Callie Caplenor: Birds and Bats of Southeast Arizona

They both fly, but just how similar are birds and bats? Join National Park Service ranger Callie Caplenor for a family-oriented program comparing these amazing two-winged creatures. Together we will observe different parts of their anatomy and talk about the behaviors and characteristics of birds and bats that come through the Sky Island region. There will also be an arts and crafts activity with the opportunity to create your own bird or bat and a story reading at the end.

3:00-4:15 PM: Mark Hart: Borderlands Jaguars

Southeast Arizona has the greatest biologic diversity in a state that arguably has the greatest biologic diversity of the lower 48. Doubters need look no further than the presence of four cats in the wild here: jaguar, ocelot, mountain lion and bobcat. This presentation examines the largest and charismatic of the four. Here and southwest New Mexico are the only locations in the United States where jaguars have been sighted in the past twenty years. In late 2016, two jaguars were present in the region, one in the Huachuca Mountains and the other in the Dos Cabezas. Earlier that year a video surfaced of a third jaguar in the Santa Rita Mountains. The video caused an international sensation, but that jaguar returned to Mexico, as did the Huachucas jaguar. Meantime, the Dos Cabezas jaguar has persisted south of Willcox since, and a new individual was sighted in the Huachucas and the Whetstone Mountains in 2023. This presentation examines how having this endangered species in the region poses unique challenges for wildlife and land managers, and how they have made even more popular among the general public trail camera technology.

​3:00-4:15 PM: Mike Foster: San Pedro River Beavers

Beavers were returned to the San Pedro River in 1999 by the Arizona Game and Fish on BLM property.

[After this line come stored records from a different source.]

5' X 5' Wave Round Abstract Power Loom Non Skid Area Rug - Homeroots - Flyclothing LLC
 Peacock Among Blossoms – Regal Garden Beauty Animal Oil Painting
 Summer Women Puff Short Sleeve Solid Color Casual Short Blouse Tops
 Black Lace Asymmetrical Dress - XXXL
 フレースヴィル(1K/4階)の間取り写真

Since then Mike Foster has been doing surveys on the 45 miles of the San Pedro River National Conservation Area near Sierra Vista. In the last few years this survey has been picking up steam with Cochise College and Watershed Management Group from Tucson joining the cause. In the last year this became an international effort with numerous Mexican conservation groups joining the cause in the first international beaver survey. The uppermost San Pedro is in Mexico. Some reservoirs on ranches there appear to have become repositories for beaver populations.